**What is being asked:** Reproduce every line of the material below exactly. No pictures belong in the copy.

**Dataset content:**

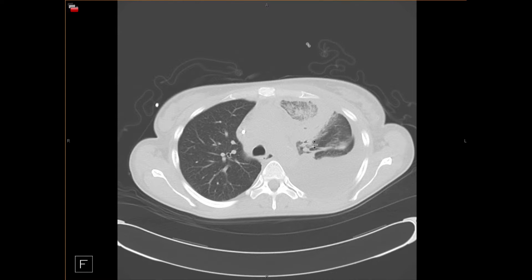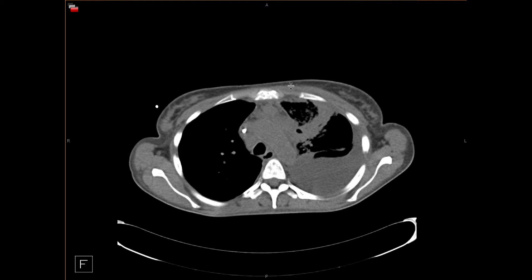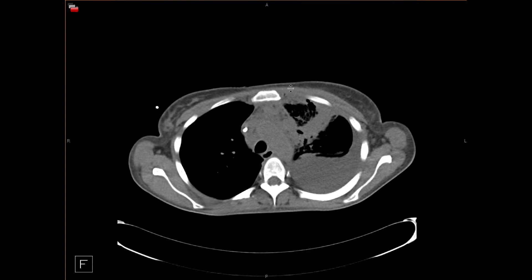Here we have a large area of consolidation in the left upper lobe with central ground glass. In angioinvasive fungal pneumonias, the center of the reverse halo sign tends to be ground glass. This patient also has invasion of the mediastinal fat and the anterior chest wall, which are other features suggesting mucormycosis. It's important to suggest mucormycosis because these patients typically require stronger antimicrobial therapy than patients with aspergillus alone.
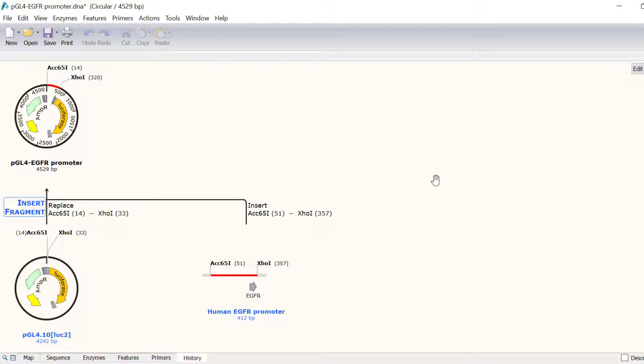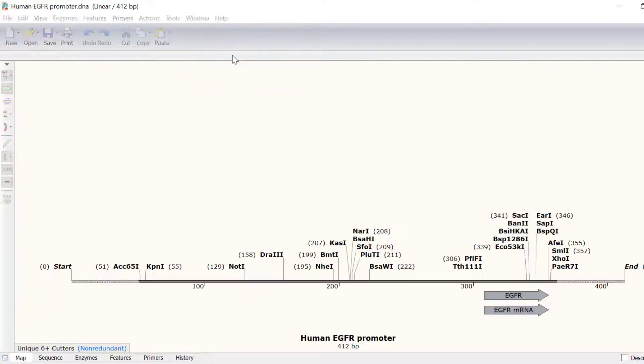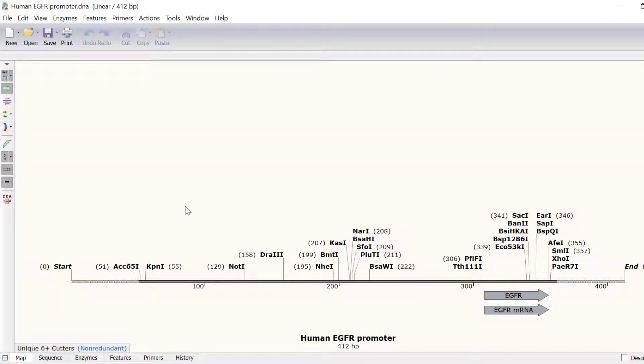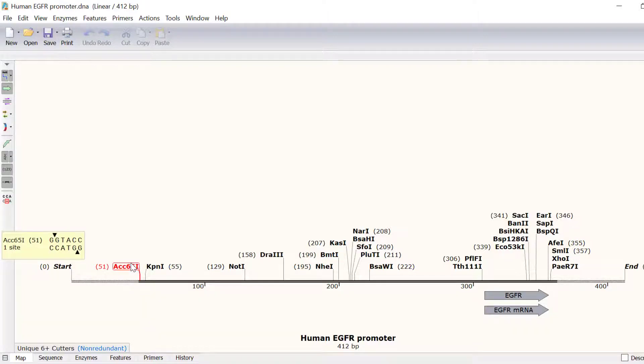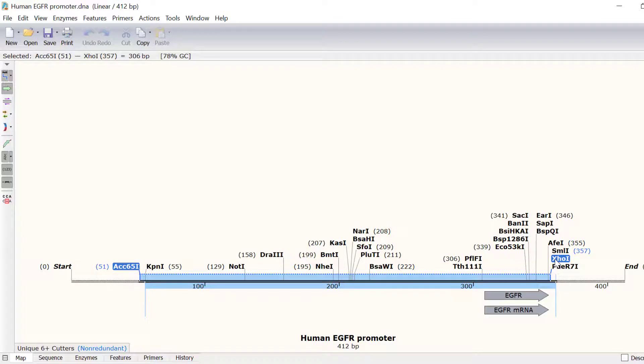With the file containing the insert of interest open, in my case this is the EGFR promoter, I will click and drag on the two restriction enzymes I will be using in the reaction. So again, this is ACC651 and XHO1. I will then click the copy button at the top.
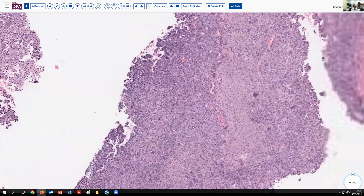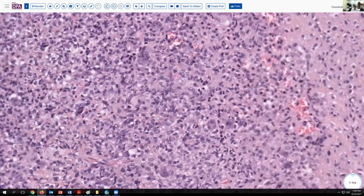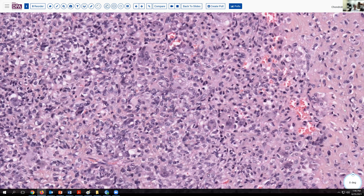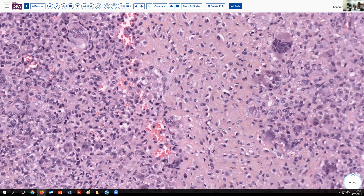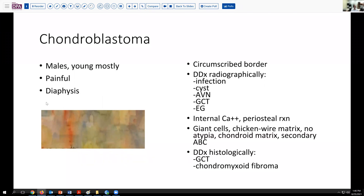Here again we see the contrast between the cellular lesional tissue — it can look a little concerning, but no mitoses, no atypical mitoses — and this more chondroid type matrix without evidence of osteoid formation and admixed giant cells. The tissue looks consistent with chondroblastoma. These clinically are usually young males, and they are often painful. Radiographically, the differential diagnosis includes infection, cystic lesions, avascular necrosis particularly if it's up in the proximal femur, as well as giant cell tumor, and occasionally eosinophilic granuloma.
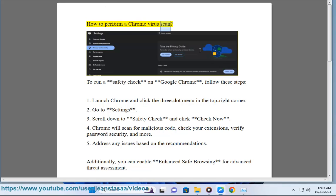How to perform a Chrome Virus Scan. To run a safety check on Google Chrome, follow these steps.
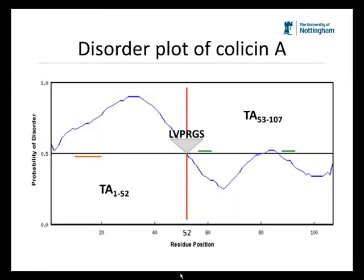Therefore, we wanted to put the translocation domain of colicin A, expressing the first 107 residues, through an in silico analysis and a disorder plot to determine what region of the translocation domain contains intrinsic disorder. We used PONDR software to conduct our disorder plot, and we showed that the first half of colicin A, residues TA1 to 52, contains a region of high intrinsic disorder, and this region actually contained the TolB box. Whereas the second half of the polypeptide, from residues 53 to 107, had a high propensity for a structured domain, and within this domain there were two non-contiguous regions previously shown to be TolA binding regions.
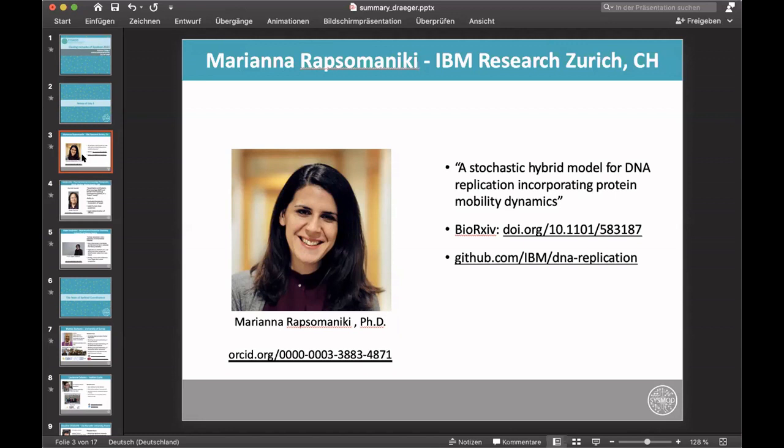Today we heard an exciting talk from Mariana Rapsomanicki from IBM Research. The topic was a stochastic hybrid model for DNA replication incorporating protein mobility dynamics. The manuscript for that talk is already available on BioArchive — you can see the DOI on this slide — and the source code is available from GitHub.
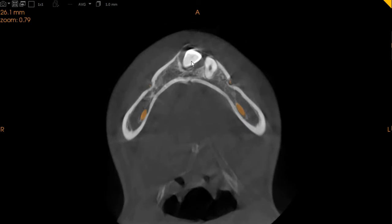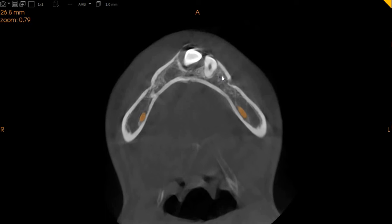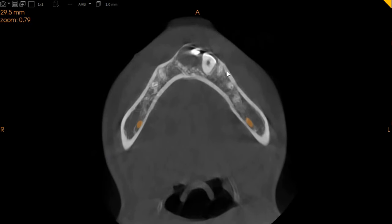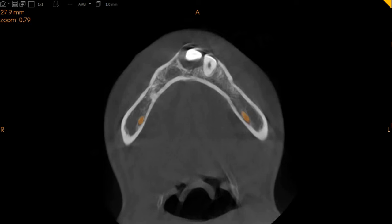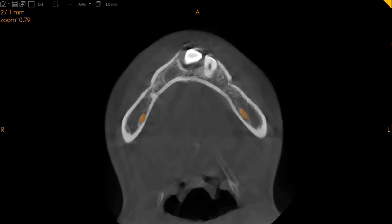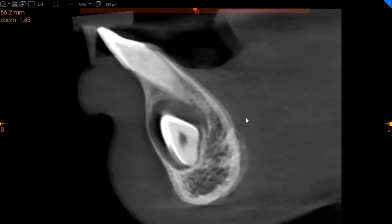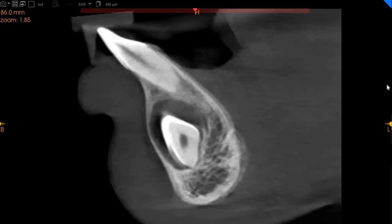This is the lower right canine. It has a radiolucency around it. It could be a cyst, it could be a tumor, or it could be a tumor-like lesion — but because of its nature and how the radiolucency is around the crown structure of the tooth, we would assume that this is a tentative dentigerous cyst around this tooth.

**Written response:**
Here we have a large area of consolidation in the left upper lobe with central ground glass. In angioinvasive fungal pneumonias, the center of the reverse halo sign tends to be ground glass. This patient also has invasion of the mediastinal fat and the anterior chest wall, which are other features suggesting mucormycosis. It's important to suggest mucormycosis because these patients typically require stronger antimicrobial therapy than patients with aspergillus alone.
With the file containing the insert of interest open, in my case this is the EGFR promoter, I will click and drag on the two restriction enzymes I will be using in the reaction. So again, this is ACC651 and XHO1. I will then click the copy button at the top.
Here again we see the contrast between the cellular lesional tissue — it can look a little concerning, but no mitoses, no atypical mitoses — and this more chondroid type matrix without evidence of osteoid formation and admixed giant cells. The tissue looks consistent with chondroblastoma. These clinically are usually young males, and they are often painful. Radiographically, the differential diagnosis includes infection, cystic lesions, avascular necrosis particularly if it's up in the proximal femur, as well as giant cell tumor, and occasionally eosinophilic granuloma.
How to perform a Chrome Virus Scan. To run a safety check on Google Chrome, follow these steps.
Therefore, we wanted to put the translocation domain of colicin A, expressing the first 107 residues, through an in silico analysis and a disorder plot to determine what region of the translocation domain contains intrinsic disorder. We used PONDR software to conduct our disorder plot, and we showed that the first half of colicin A, residues TA1 to 52, contains a region of high intrinsic disorder, and this region actually contained the TolB box. Whereas the second half of the polypeptide, from residues 53 to 107, had a high propensity for a structured domain, and within this domain there were two non-contiguous regions previously shown to be TolA binding regions.
Today we heard an exciting talk from Mariana Rapsomanicki from IBM Research. The topic was a stochastic hybrid model for DNA replication incorporating protein mobility dynamics. The manuscript for that talk is already available on BioArchive — you can see the DOI on this slide — and the source code is available from GitHub.
This is the lower right canine. It has a radiolucency around it. It could be a cyst, it could be a tumor, or it could be a tumor-like lesion — but because of its nature and how the radiolucency is around the crown structure of the tooth, we would assume that this is a tentative dentigerous cyst around this tooth.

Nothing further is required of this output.